Tuesday's settlement came nine months after AXA Rosenberg, a unit of French insurer AXA S.A., agreed to pay $217 million to cover client losses and a $25 million fine to settle related U.S. Securities and Exchange Commission civil fraud charges.
Barr Rosenberg in September accepted a $2.5 million civil fine and lifetime ban from the securities industry to settle his own SEC case.
According to court papers, programmers introduced the coding error in January 2007, exposing clients to excess risk and causing losses that would not otherwise have occurred.
The error was found in June 2009 but not fixed for five months, and then not revealed to clients until April 15, 2010, after the SEC had begun examining the problem.

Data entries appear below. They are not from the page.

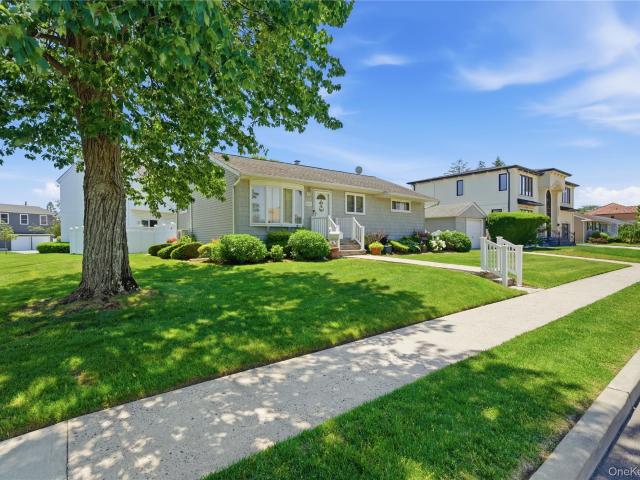House for sale in Nassau, New York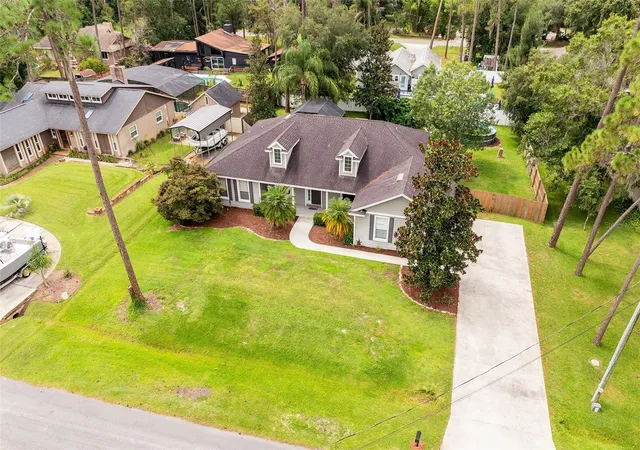 Photo 2 of Sale Pending at 14412 Pinecone Rd, Orlando, FL 32832 | MLS# O6428116 | Listing updated on 2026-09-15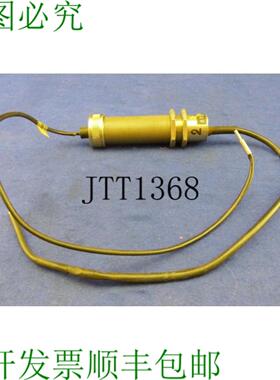 供应Schnbuch 电子光学 M30 Tpcf3014  Tpcf 3014 Avec 光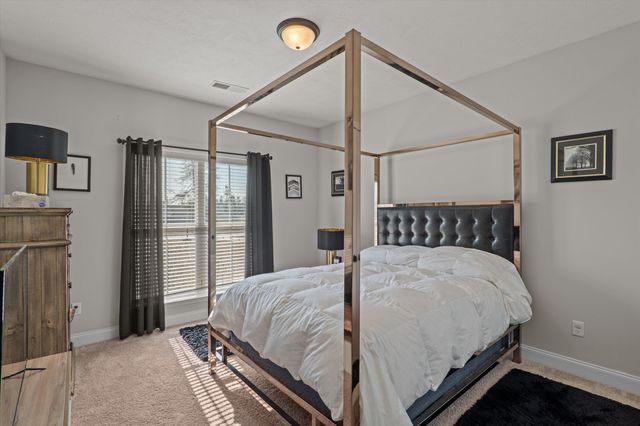 3622 Walker Creek Road, Hephzibah, GA 30815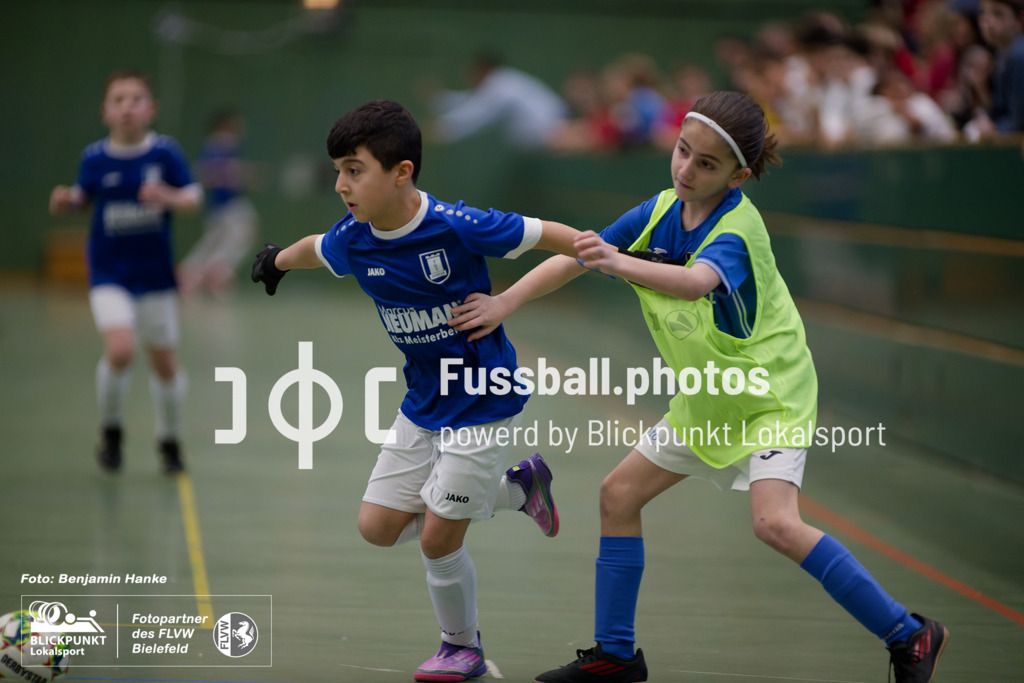 2026018_U9_QuelleTurnier_176 | Blickpunkt Lokalsport - Realisiert mit Pictrs.com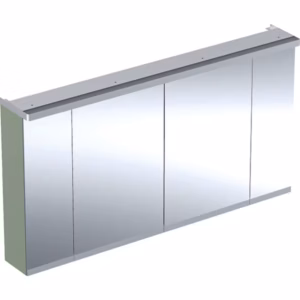 PEILIKAAPPI IDO 9650391501001 GLOW 1200 NCS
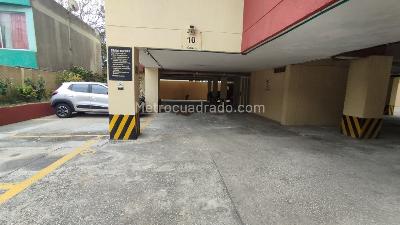 Apartamento en venta en Las Delicias, Barranquilla · foto 12 de 13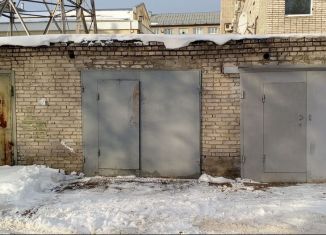 Сдаю гараж, 18 м2, Барнаул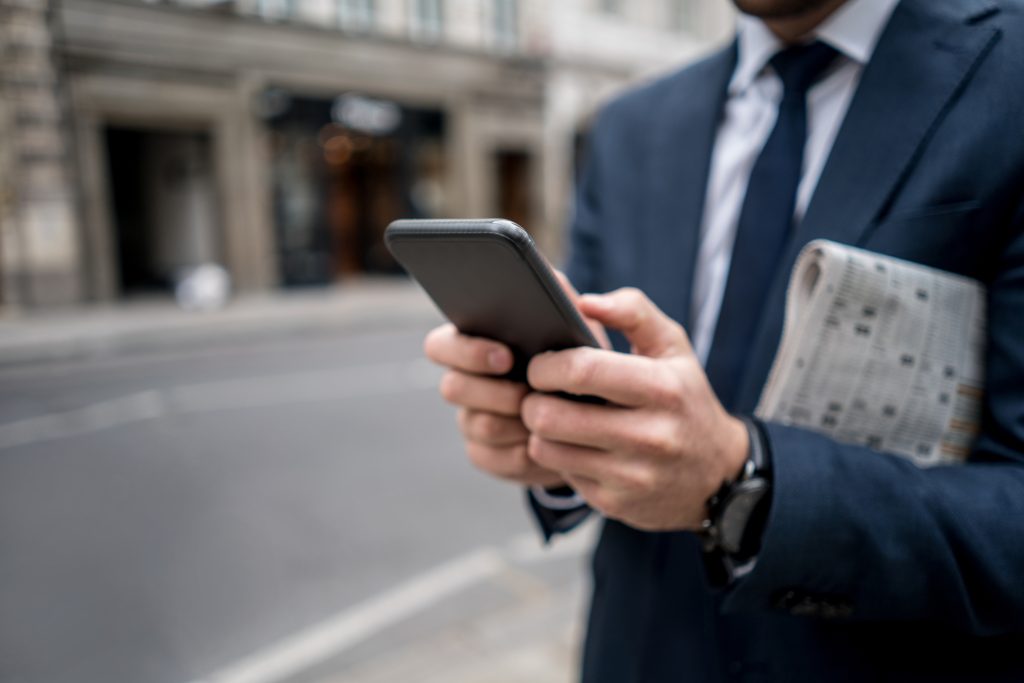 BNP Paribas’ Securities Services business extends its general meetings solutions to global custody clients, supported by Proxymity - Securities Services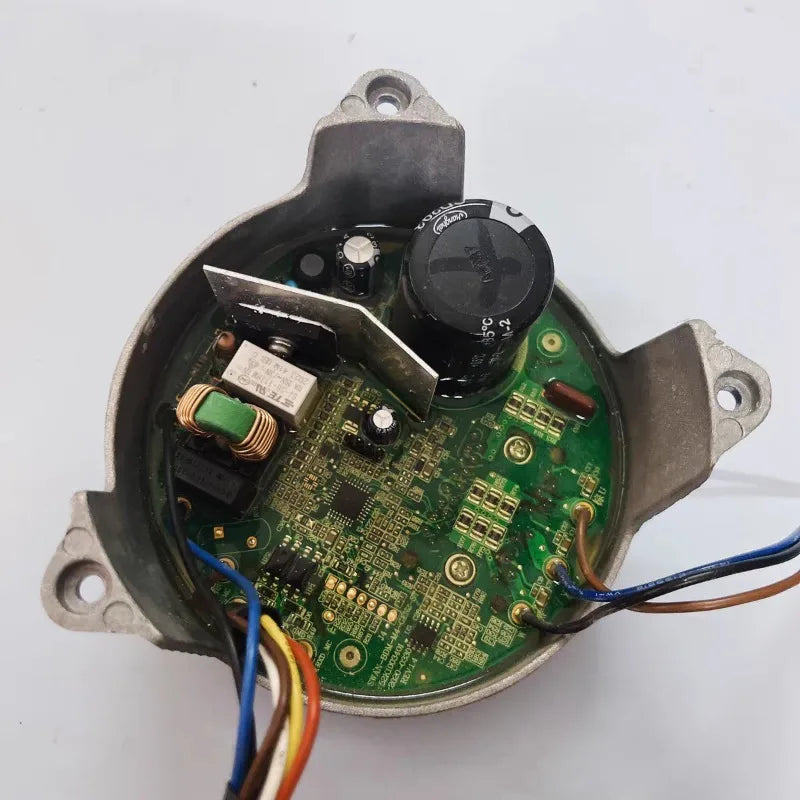 Little Swan drum washing machine variable frequency drive board 52K2004801 52K2006001 52K1007701 Washing Machine Parts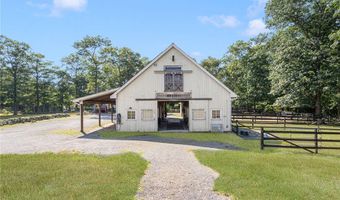 160 Kingston Rd, Exeter, RI 02822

In a filing with the U.S. District Court in San Francisco, lawyers for four pension funds leading the investor lawsuit said the $65 million settlement marks a "substantial recovery," above and beyond the sum obtained by the SEC.
The settlement requires court approval. A hearing has been scheduled for Feb. 17, 2012.
Neither AXA Rosenberg nor Barr Rosenberg admitted wrongdoing in settling with the SEC.
AXA Rosenberg managed $29 billion of assets in June 2011, down from about $70 billion at the end of 2009, in part reflecting client withdrawals stemming from the coding error.
The case is In re: AXA Rosenberg Investor Litigation, U.S. District Court, Northern District of California, No. 11-00536.